New syntax implemented (:=) that allow to do variable assignments right in the expressions.

discount = 0.0
if (mo := re.search(r'(\d+)% discount', advertisement)):
    discount = float(mo.group(1)) / 100.0

Earlier I would need to do something like that:

discount = 0.0
if re.search(r'(\d+)% discount', advertisement):
    mo = re.search(r'(\d+)% discount', advertisement)
    discount = float(mo.group(1)) / 100.0

It recommended though to limit use of so-called "walrus" operator only in clean cases to reduce complexity and improve readability.

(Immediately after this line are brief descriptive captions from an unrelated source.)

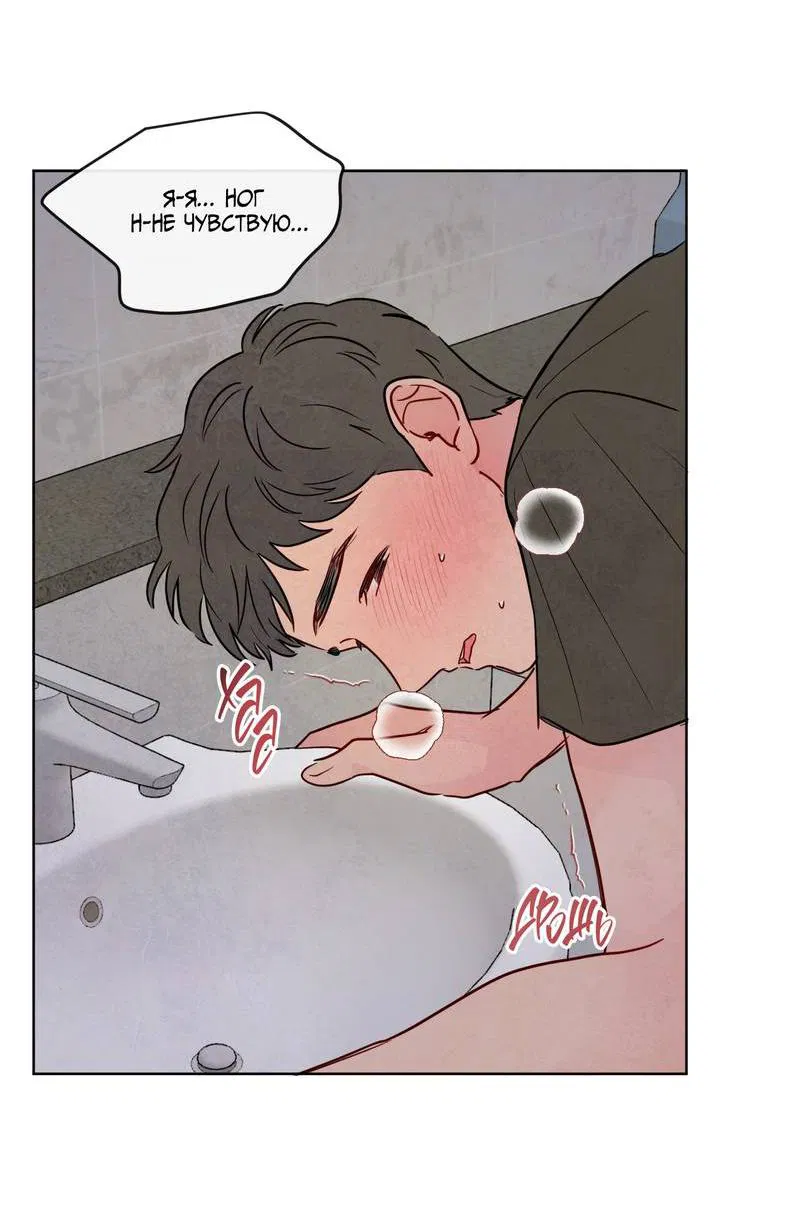 Манга Соблазнение священной змеи - Глава 25 Страница 5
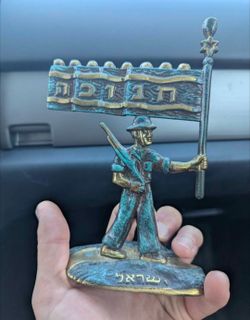 Antique 1950s Israeli Army (IDF) Soldier and Flag Hanukkah Menorah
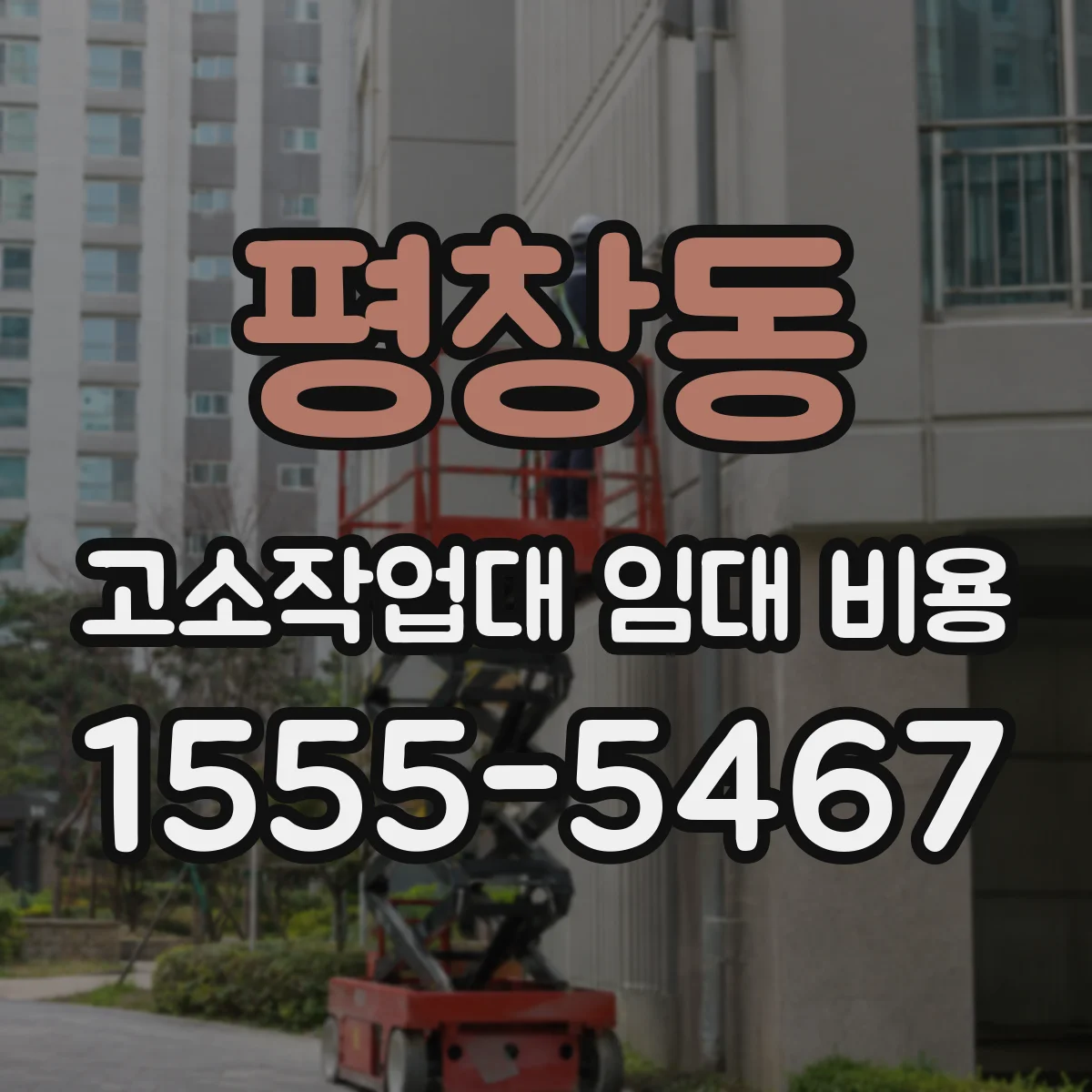 평창동 고소작업대 임대 비용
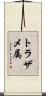 トラザメ属 Scroll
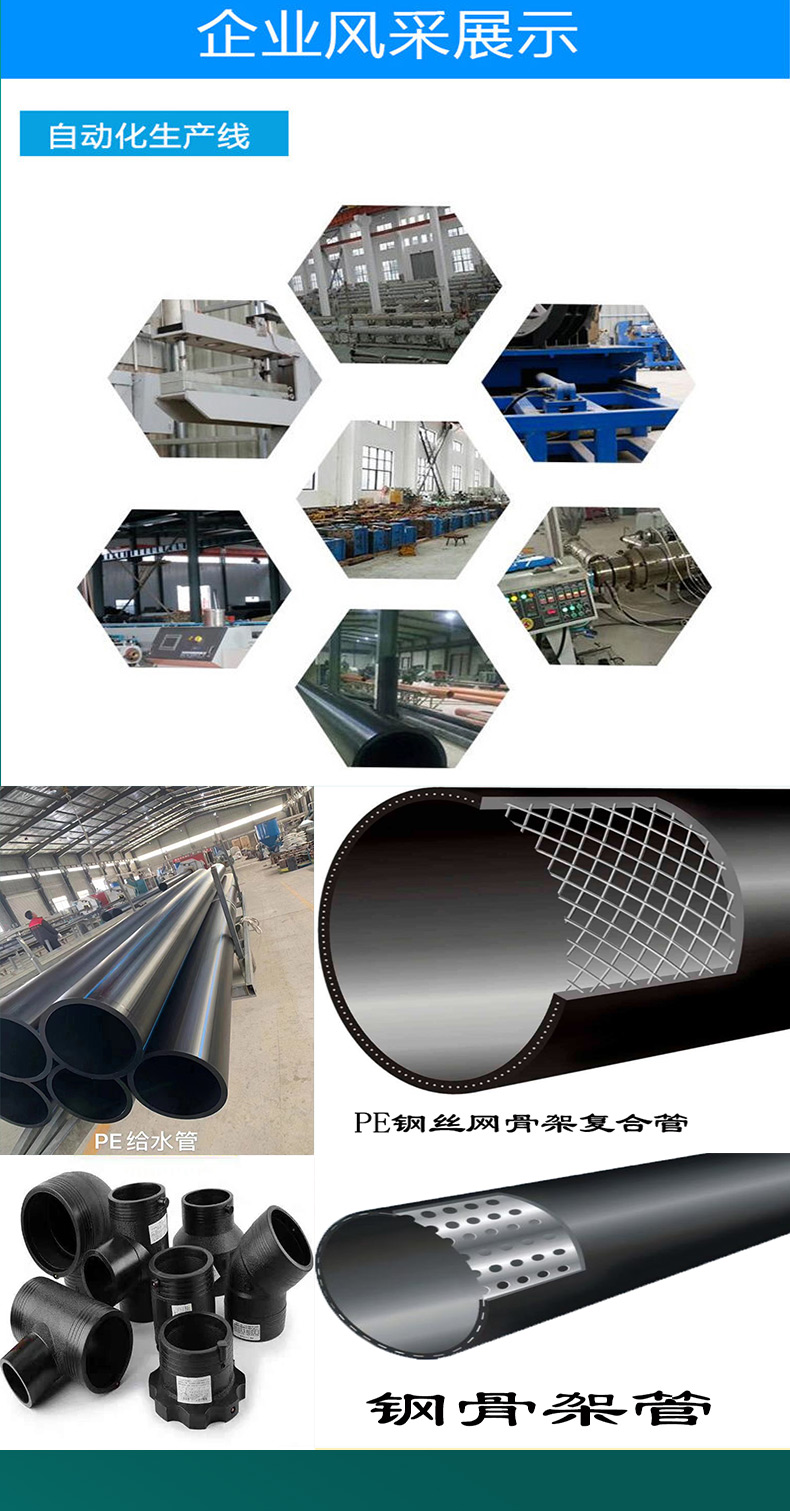 PE electric fusion pipe fittings, direct tee, 45 degree elbow, flange, water supply pipe, mesh, steel strip, composite pipe, steel wire mesh framework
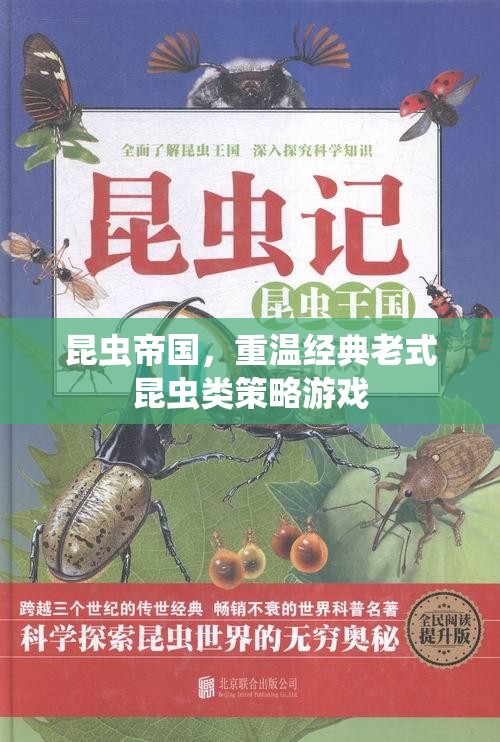 重溫經(jīng)典，老式昆蟲類策略游戲昆蟲帝國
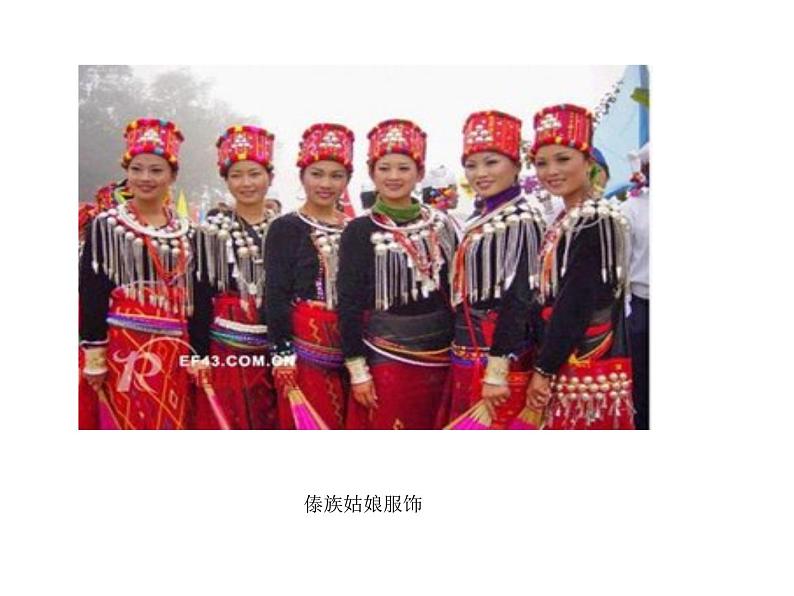 小学美术18.多彩的民族服饰ppt课件第5页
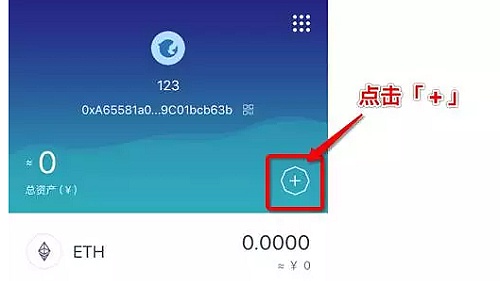 [imtoken钱包苹果版趋]下载imtoken钱包ios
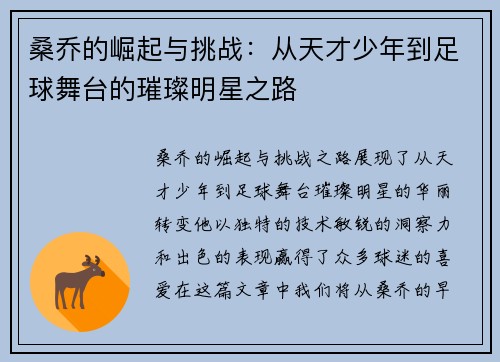 桑乔的崛起与挑战：从天才少年到足球舞台的璀璨明星之路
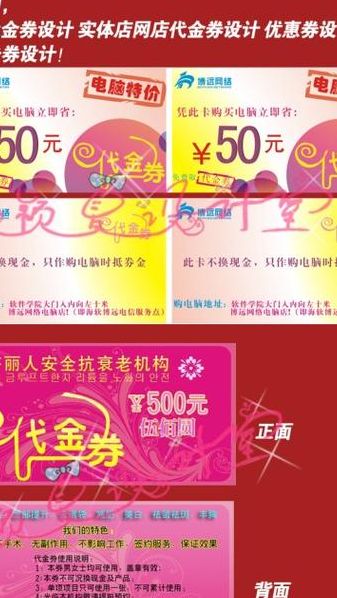 万网优惠券（万网会员中心）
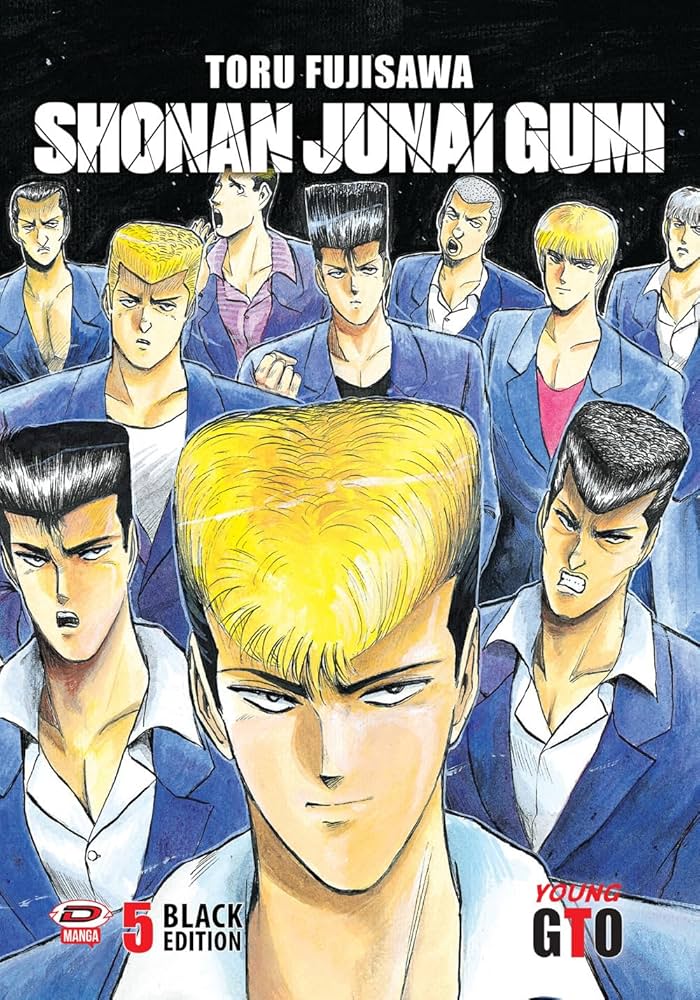 SHONAN JUNAI GUMI 5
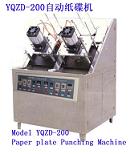 paper cup forming machine,paper bowl forming machine, paper bowl forming machine,paper bowl machine,paper plate machine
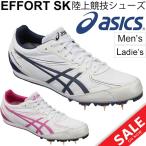 アシックス 陸上 競技 シューズ asics EFFORT SK メンズ レディース ジュニア 21.0-31.0cm スパイク/TTP521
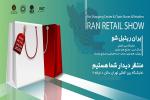 نمایشگاه بین المللی مراکز خرید، مجتمع‌های تجاری، رویکردهای نوین صنعت خرده‌فروشی و صنایع وابسته (Iran retail show) تهران 1400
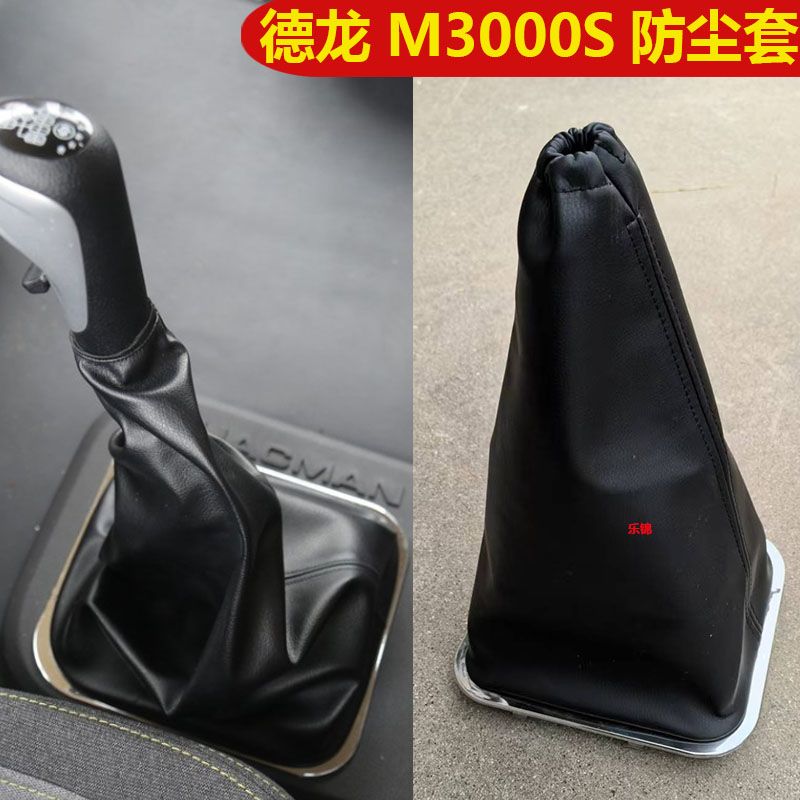 适配陕汽德龙新M3000S换挡杆防尘套变速排挡杆档把防尘罩皮革套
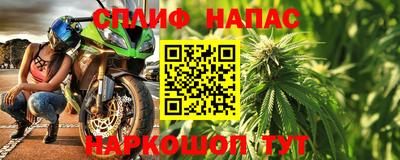 альфа пвп VHQ Краснокаменск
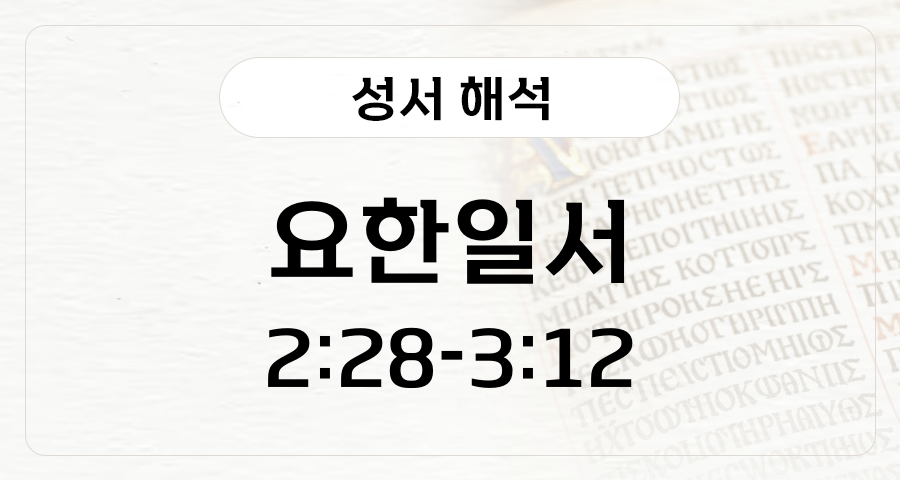 요한일서 2:28-3:12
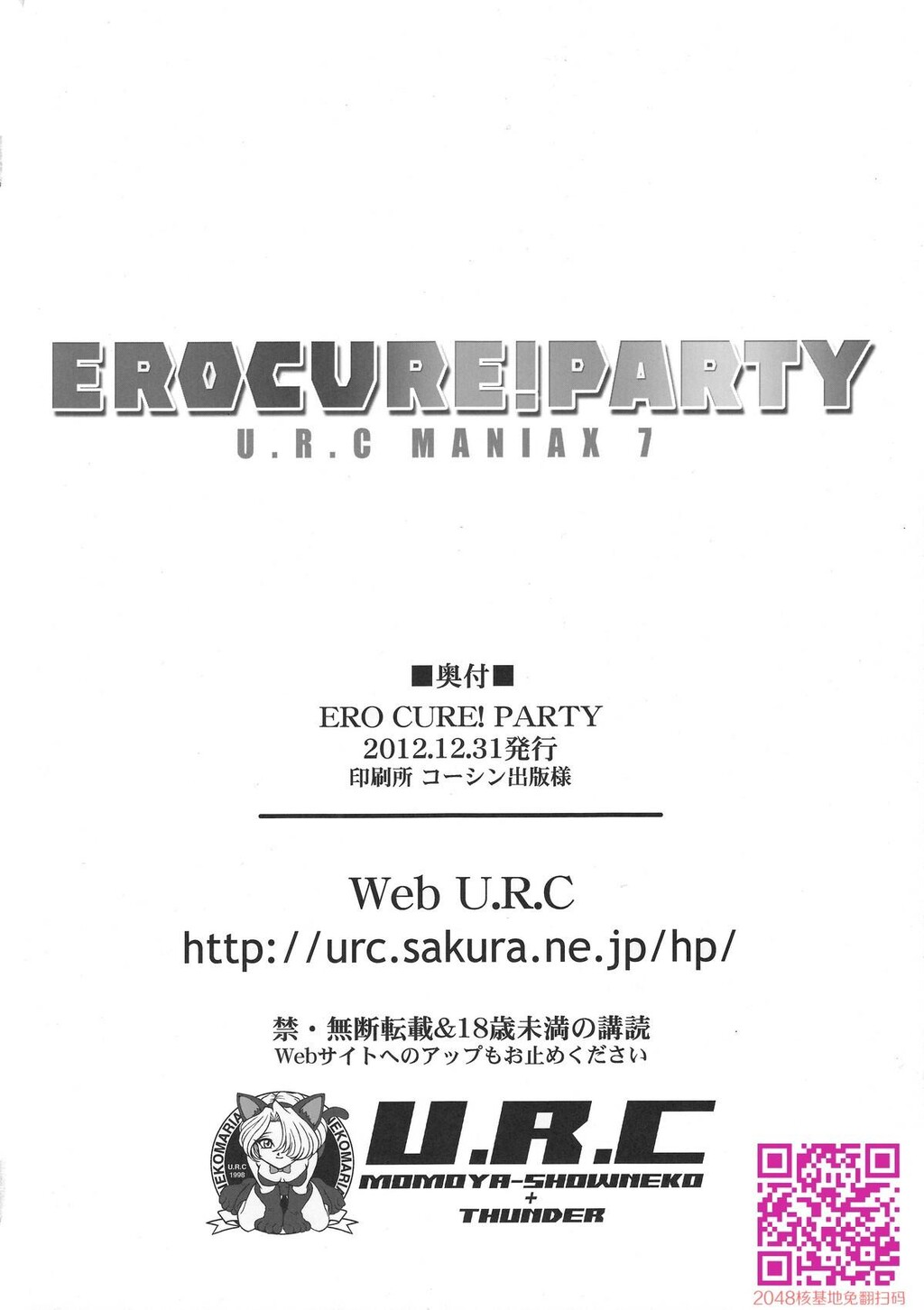 EROCURE!PARTY[226P]第0页 作者:Publisher 帖子ID:132396 TAG:动漫图片,卡通漫畫,2048核基地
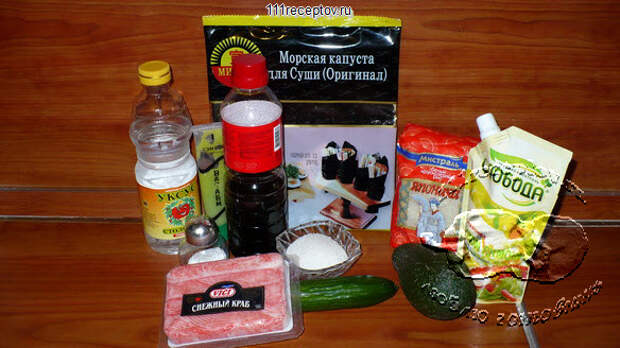 Роллы Калифорния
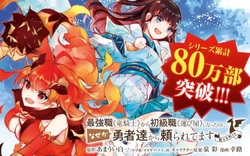 最強職《竜騎士》から初級職《運び屋》になったのに、なぜか勇者達から頼られてます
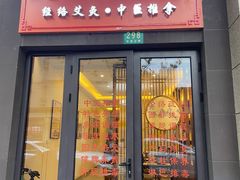 -艾之灸养生馆·推拿·艾灸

More info can be found in PEP 572.


f-strings support "=" for self-documenting expressions and debugging

Added an = specifier to f-strings. An f-string such as f'{expr=} will expand to the text of the expression, an equal sign, then the representation of the evaluated expression.

>>> user = 'eric_idle'
>>> member_since = date(1975, 7, 31)
>>> f'{user=} {member_since=}'
"user='eric_idle' member_since=datetime.date(1975, 7, 31)"

The = specifier will display the whole expression so that calculations can be shown:

>>> print(f'{theta=}  {cos(radians(theta))=:.3f}')
theta=30  cos(radians(theta))=0.866

More details in contribution bpo-36817.


Other changes

  • A continue statement now legal in the finally clause. Earlier it was illegal due to a problem with implementation.
  • When the Python interpreter is interrupted by Ctrl-C (SIGINT) and the resulting KeyboardInterrupt exception is not caught, the Python process now exits via a SIGINT signal or with the correct exit code such that the calling process can detect that it died due to a Ctrl-C. Shells on POSIX and Windows use this to properly terminate scripts in interactive sessions.

It's required to say, that for today (Aug 14) Python 3.8 is in beta-phase and release date is not known.